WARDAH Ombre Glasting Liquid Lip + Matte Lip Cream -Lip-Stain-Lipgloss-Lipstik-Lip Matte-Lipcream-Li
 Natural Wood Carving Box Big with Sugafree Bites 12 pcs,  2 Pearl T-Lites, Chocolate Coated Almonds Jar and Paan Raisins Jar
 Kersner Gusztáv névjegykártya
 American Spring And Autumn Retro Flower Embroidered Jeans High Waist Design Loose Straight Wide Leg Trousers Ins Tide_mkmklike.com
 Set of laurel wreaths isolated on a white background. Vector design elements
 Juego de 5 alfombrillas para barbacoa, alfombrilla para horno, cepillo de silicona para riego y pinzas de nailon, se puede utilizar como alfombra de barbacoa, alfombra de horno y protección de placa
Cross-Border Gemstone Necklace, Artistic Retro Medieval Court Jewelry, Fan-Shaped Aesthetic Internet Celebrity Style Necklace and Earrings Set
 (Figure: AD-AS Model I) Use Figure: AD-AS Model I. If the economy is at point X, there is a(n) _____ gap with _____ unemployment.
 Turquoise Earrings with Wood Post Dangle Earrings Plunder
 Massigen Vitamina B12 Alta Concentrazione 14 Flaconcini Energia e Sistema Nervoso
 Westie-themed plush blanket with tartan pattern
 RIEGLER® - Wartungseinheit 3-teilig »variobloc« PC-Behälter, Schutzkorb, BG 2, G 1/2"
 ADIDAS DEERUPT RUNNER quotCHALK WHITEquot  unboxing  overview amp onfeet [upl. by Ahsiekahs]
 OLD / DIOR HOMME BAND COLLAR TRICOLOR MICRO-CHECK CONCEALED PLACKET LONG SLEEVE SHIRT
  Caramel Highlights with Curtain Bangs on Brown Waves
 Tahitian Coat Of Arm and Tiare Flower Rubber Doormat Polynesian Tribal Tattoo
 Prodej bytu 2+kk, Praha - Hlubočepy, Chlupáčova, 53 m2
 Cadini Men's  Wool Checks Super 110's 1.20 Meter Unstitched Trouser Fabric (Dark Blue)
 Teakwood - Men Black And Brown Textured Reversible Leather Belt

※ ※ ※

- [TASK]:
Please transcribe, exactly and with nothing added, the lines from the first line of the material above through the line that contains "Kersner Gusztáv névjegykártya".

- [OUTPUT FOR THIS EXERCISE]:
WARDAH Ombre Glasting Liquid Lip + Matte Lip Cream -Lip-Stain-Lipgloss-Lipstik-Lip Matte-Lipcream-Li
 Natural Wood Carving Box Big with Sugafree Bites 12 pcs,  2 Pearl T-Lites, Chocolate Coated Almonds Jar and Paan Raisins Jar
 Kersner Gusztáv névjegykártya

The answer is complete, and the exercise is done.